Contrast the proper formulation of a hypothesis with the utterly worthless, “Do plants grow better listening to rock?” experiment that appears in numerous science fairs throughout the country. Like baking a cake to represent a cell, guessing wildly is barely cognitive. However, formulating a theory and relying on prior knowledge (“I know that a dime will hold seven drops”) to predict a result arising from a new situation (“How many drops will a quarter hold?”) lies at higher levels of both Bloom’s Taxonomy and Webb’s depth of knowledge.
Even very young children can benefit from a properly designed water-drop activity. Although young children may not understand the concept “double,” they understand “bigger.” Although we may find it obvious, the theory that larger coins can hold more water drops is a testable theory for this experiment at lower grade levels. Once students have seen the number of water drops a dime can hold, they can use the proposed theory to predict a larger number of drops on the quarter, removing their reliance on guessing wildly.
The MythBuster Era
One of the most popular cable television shows is MythBusters, a regular feature of the Discovery Channel. In the show, a team of talented, yet irreverent, personalities attempt to verify or refute historical myths. MythBusters is a welcome addition to television programming, for it allows children to see the inner workings of experimental design, often for the first time.

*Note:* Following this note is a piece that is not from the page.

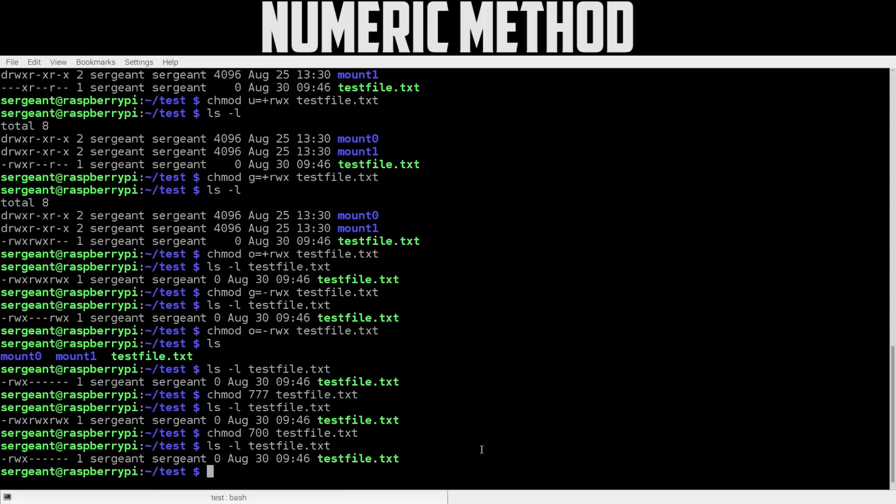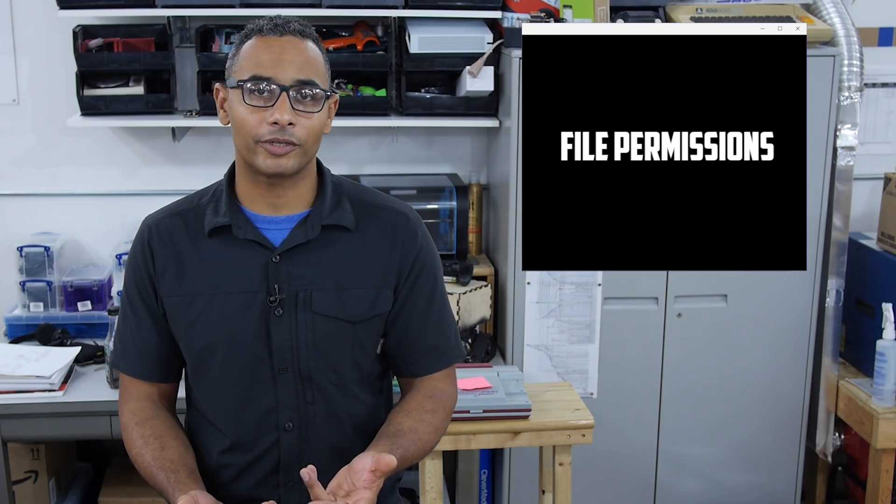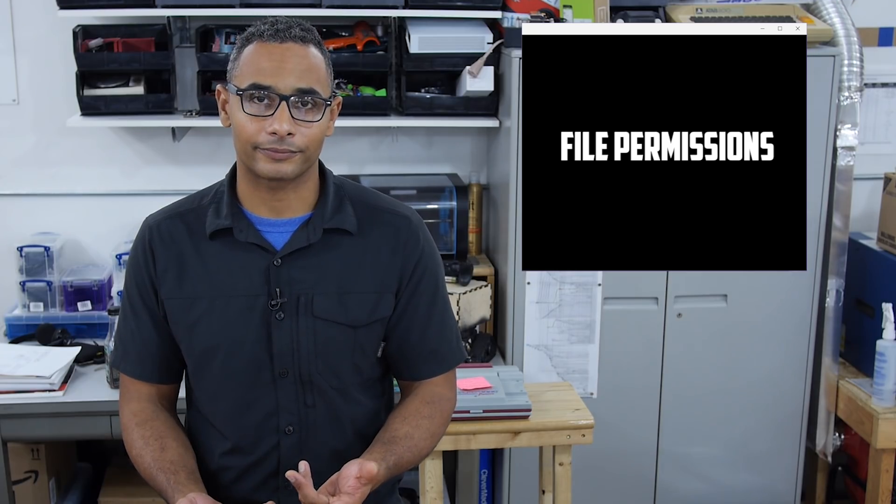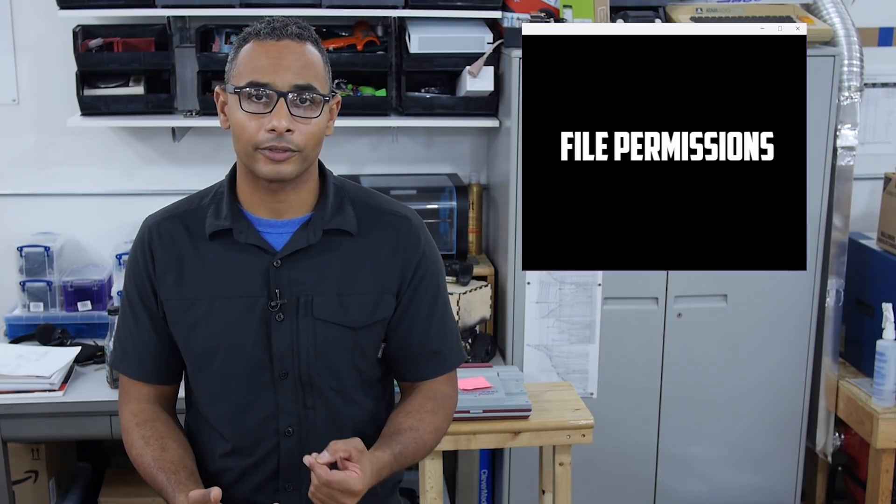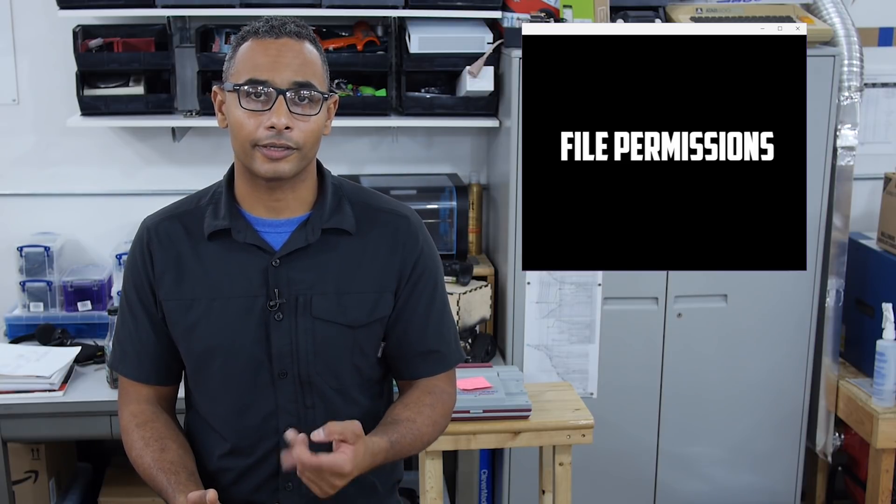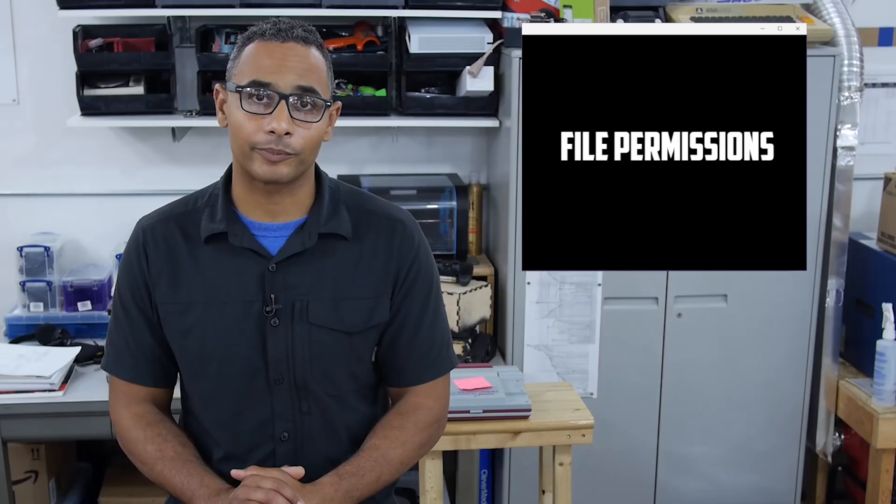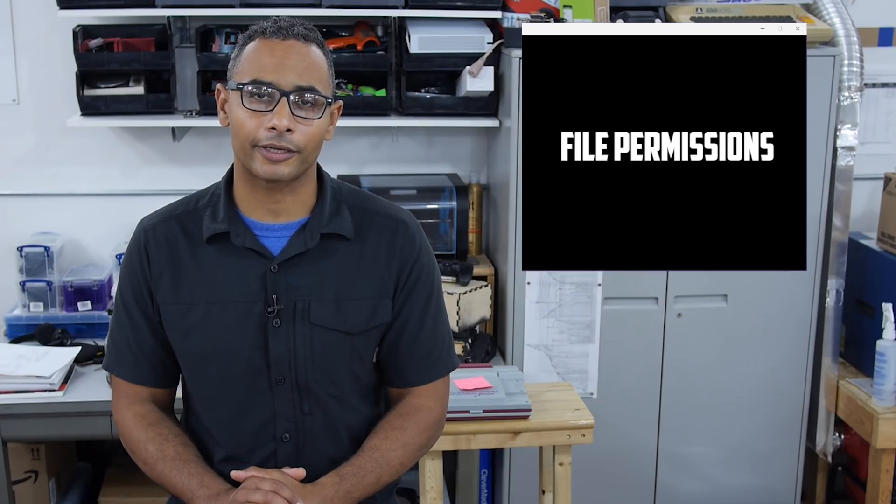There we go, the numeric method for changing our file permissions. In this segment, we've talked about file permissions. I've shown you how to review them, what they mean, and how to set them. There's a lot more that I didn't cover. If you have anything to contribute, please leave your comments at element14.com/pseudosergeant.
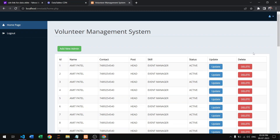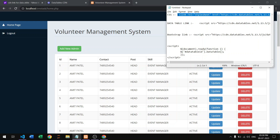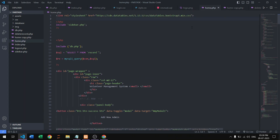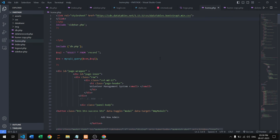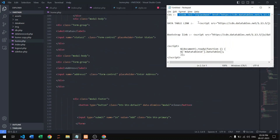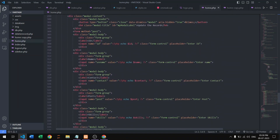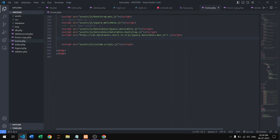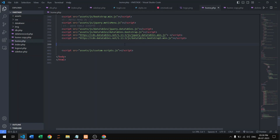We already have these CDN links pasted in our Notepad file. Paste the CSS link here, then copy and paste the DataTable JavaScript link into the script section, and also add the Bootstrap link.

Many scientific issues such as error, replicability, and old-fashioned horse sense, appear throughout the episodes.
The show, however, often lacks one key ingredient of science: higher-order thinking. In one of my forthcoming series of plays titled, Thinking Things Through, a group of teenagers watch the MythBusters episode centered on a historical myth of Romanian archery — the penetration power of an arrow doubles when fired by an archer riding on horseback. Using their understanding of work and energy and logical banter, the team members in the play agree that under ideal conditions the myth is possible; including the considerable effect of air friction renders the myth dubious.

Rather than rely on a theoretical investigation to formulate a testable hypothesis, the MythBusters crew use gut feel. This “let’s see if it works” method teaches the television audience an unfortunate misconception: Science is the testing of wild guesses.
Watching a group of physicists solve equations on a blackboard would not hold the audience’s attention for long. But teachers need to be careful in emulating the MythBusters approach to science too closely. Science is ultimately about processes, both cognitive and conceptual. Although busting a myth may teach students rote experimental procedures, it may fail to teach them how to go about understanding the world around them.
Discussion
As we have discussed, many of the activities deployed in classrooms across the country lack the cerebral component necessary to prepare students for future success. While the average person may look at a bucket of pond water and think “scum,” the microbiologist can form a deeper understanding of pond water using the lenses of a microscope. Teachers have at their disposal a lens of their own — the combination of Bloom’s Taxonomy and depth of knowledge defined as cognitive rigor — to evaluate whether the activities they assign will likely drive their students toward success in the 21st-century.